Jake Elliott: Not much, actually. We were looking more, as weird as it might seem, at a game like Minecraft or Prison Architect, where they have this rolling alpha release that people can buy in on early and then get updates. We were excited about the possibility of, like I said earlier, getting the game to be a real thing that’s in the real world early on in the process, relatively. Just psychologically, the game is not really real until people are playing it. That can be quite a large psychological weight. It’s also helpful for us to have to have a cutoff point. “We can’t add anything more in Act One right now.”

I think we really did benefit a lot from the timing with The Walking Dead having just wrapped up when we released our game, though. That game opened a lot of people up to episodic gaming, but also to the idea of this character-driven gaming that wasn’t really [challenge-focused]. Walking Dead has puzzles, but they’re not hard.

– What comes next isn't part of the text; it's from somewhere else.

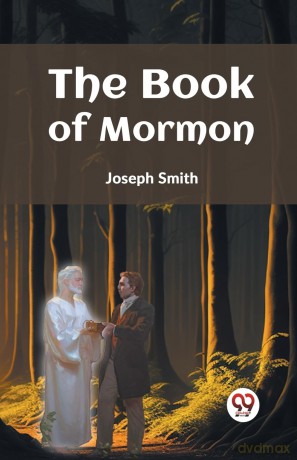The Book of Mormon - Joseph Smith [KSIĄŻKA]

I think that people are more receptive to that, having seen it play out with a story that they were interested in anyway because they liked The Walking Dead. We used that as a point of reference. When people are like, “So, what’s the game like?” we could say, “It’s kinda like The Walking Dead.” That’s been helpful for us, also, giving us a way to explain ourselves.

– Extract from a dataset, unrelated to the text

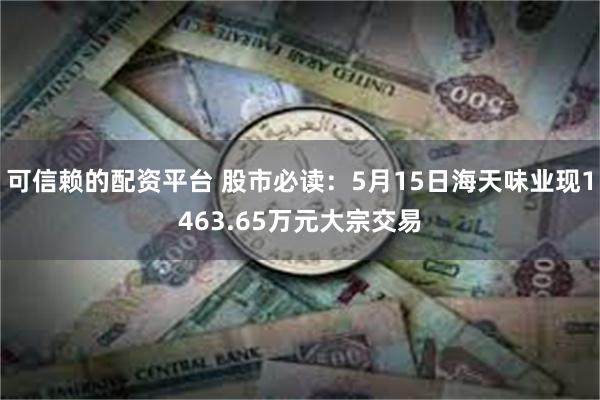 可信赖的配资平台 股市必读：5月15日海天味业现1463.65万元大宗交易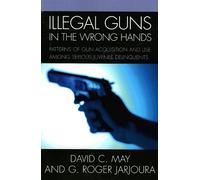 David May Roger G. Jarjoura Illegal Guns in the Wrong Hands (Tascabile)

RPS: “It’s exactly like The Walking Dead, only we have ghosts instead of zombies.” Speaking of, what's your plan for releasing the rest of the episodes? Do you have a general timeframe for each of them, or is it just going to be when they’re ready?

Jake Elliott: We have a time frame. We’re trying to get the last one out a year after the first one came out, so January 2014. That gives us three months for each Act. We looked back at how long things took us, and that seems like about the right amount of time to get the amount of content that we’re trying to do in there.

We spent the last two years immersed in this workflow, and it’s like the only thing I know how to do right now [laughs]. Making Kentucky Route Zero. It feels good, the timeframe feels good. We’ll probably announce release dates as they get closer, but yeah, roughly three months for each one.

RPS: So March or April for the second one?

Jake Elliott: Yeah, something like that.

RPS: Good. You should release it on my birthday. Thank you for your time.